What will be the next step in Beijing's interest rate liberalisation programme? The forecasting game has begun after the central bank freed up lending rates earlier this month, disappointing market participants who had anticipated a more significant change.
It had been widely expected that the government would allow deposit rates to float upwards by another 10 per cent, following a similar move in June last year, in the light of the new leadership's expressed desire to let market forces play a bigger role in deciding interest rates this year.
The abolition of the floor on loan rates announced by the People's Bank of China was a small step in the liberalisation of rates, because the allowed band of 30 per cent below the PBOC's benchmark rate was almost never fully exploited by banks, which benefit from a seller's market in loans to firms.
If banks were free to set their deposit rates, however, the rates could rise significantly as smaller lenders would compete for deposits. As a result, banks would no longer be able to enjoy such fat profits from simply taking deposits and making loans.

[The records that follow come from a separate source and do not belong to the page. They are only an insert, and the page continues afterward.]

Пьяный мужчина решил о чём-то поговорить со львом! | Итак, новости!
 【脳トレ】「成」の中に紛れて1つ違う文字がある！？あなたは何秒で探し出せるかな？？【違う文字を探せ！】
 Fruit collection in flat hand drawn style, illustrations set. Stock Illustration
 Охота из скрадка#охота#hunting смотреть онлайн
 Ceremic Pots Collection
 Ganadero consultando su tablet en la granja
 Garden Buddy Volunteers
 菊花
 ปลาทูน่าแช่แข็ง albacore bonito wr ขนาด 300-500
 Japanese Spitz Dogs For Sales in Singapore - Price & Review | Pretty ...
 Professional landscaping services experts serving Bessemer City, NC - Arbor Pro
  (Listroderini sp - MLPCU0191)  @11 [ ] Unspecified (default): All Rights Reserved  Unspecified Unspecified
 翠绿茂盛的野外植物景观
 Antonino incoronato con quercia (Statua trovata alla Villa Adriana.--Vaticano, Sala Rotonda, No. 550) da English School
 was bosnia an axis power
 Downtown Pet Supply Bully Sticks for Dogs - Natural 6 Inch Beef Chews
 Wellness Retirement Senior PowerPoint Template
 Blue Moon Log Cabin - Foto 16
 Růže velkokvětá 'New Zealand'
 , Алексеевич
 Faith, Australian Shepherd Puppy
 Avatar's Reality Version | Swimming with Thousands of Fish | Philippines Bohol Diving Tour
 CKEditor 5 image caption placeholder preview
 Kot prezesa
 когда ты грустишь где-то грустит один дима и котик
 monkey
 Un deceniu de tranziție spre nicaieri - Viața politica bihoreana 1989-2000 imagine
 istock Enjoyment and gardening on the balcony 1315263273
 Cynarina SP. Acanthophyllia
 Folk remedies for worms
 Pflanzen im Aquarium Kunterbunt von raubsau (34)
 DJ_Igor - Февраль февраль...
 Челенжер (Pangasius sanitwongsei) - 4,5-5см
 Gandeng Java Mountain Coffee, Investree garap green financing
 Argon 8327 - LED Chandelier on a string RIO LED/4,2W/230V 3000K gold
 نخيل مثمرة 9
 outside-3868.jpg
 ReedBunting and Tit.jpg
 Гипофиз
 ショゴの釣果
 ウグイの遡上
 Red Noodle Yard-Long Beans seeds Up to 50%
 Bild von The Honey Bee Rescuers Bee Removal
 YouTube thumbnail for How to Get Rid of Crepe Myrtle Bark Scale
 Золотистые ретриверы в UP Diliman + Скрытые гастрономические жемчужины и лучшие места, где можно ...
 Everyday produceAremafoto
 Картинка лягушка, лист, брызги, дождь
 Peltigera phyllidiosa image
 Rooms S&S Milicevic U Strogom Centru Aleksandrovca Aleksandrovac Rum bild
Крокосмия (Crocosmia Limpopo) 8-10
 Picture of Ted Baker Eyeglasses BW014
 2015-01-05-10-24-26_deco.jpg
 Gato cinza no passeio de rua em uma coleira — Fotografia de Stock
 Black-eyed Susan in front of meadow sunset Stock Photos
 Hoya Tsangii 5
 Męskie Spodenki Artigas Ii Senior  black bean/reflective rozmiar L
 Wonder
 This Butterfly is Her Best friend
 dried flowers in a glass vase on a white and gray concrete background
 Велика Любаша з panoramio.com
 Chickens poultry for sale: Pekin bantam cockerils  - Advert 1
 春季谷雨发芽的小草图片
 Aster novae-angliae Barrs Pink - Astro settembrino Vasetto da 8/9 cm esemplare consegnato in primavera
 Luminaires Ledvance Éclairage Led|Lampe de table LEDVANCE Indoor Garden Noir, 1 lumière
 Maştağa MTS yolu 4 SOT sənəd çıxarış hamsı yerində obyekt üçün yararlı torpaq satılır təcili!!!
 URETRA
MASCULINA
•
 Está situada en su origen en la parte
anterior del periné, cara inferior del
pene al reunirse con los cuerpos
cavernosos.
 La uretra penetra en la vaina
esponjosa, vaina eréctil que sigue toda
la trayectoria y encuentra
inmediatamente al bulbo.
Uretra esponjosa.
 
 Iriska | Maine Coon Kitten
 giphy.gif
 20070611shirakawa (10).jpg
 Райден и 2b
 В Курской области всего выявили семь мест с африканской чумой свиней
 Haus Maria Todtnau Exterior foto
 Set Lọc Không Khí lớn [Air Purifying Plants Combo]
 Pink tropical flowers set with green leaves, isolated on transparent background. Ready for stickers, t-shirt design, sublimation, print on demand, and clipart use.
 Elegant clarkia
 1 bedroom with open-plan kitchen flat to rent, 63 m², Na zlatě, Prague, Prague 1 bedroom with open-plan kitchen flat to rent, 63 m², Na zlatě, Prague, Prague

"The scrapping of a ceiling on deposit rates would be the final step in China's interest rate liberalisation," Wu Xiaoling, a former PBOC vice-governor, said at a Beijing forum on Tuesday. "It is unlikely to happen either this year or the next."
Wu said a sudden lifting of the deposit rate ceiling would likely result in rate wars among financial institutions, threatening the survival of small lenders. She said the launch of a deposit insurance system to protect depositors would be a prerequisite for abandoning the deposit rate ceiling.
S&P analyst Liao Qiang said the liberalisation of deposit rates was set to be gradual, as policymakers struck "a delicate balance" between pushing ahead with the financial reform and maintaining banks' profitability that would allow them to absorb losses from bad loans.
"The balance is needed, because Chinese banks have accumulated relatively high credit risk in sectors including local government financing vehicles, real estate development, steel and other industries grappling with overcapacity," Liao said.
Barclays Capital analyst May Yan expects Beijing to liberalise rates for deposits of large amounts and long maturities first and then introduce new products - for example large certificates of deposit - in the next step of interest rate deregulation.
"These measures should have a smaller impact on banks' net interest margin than a 10 per cent parallel move [to last year's]," Yan said. Net interest margin is a measure of profitability, based on the spread between interest that banks earn on loans and what they pay on deposits.
Liberalising one-year or longer-term deposit rates could reduce banks' net interest margin moderately, by 0.04 to 0.06 percentage point, she said.
The central bank said on Friday it would further promote the establishment of market benchmark rates and expand market-rate-driven funding products, after an interbank cash squeeze last month generated widespread panic when few market indicators were available to provide a clear picture of the liquidity situation.
JP Morgan economist Zhu Haibin said Beijing's next steps, including relinquishing control over long-term deposit rates would likely take place in the next six to 12 months.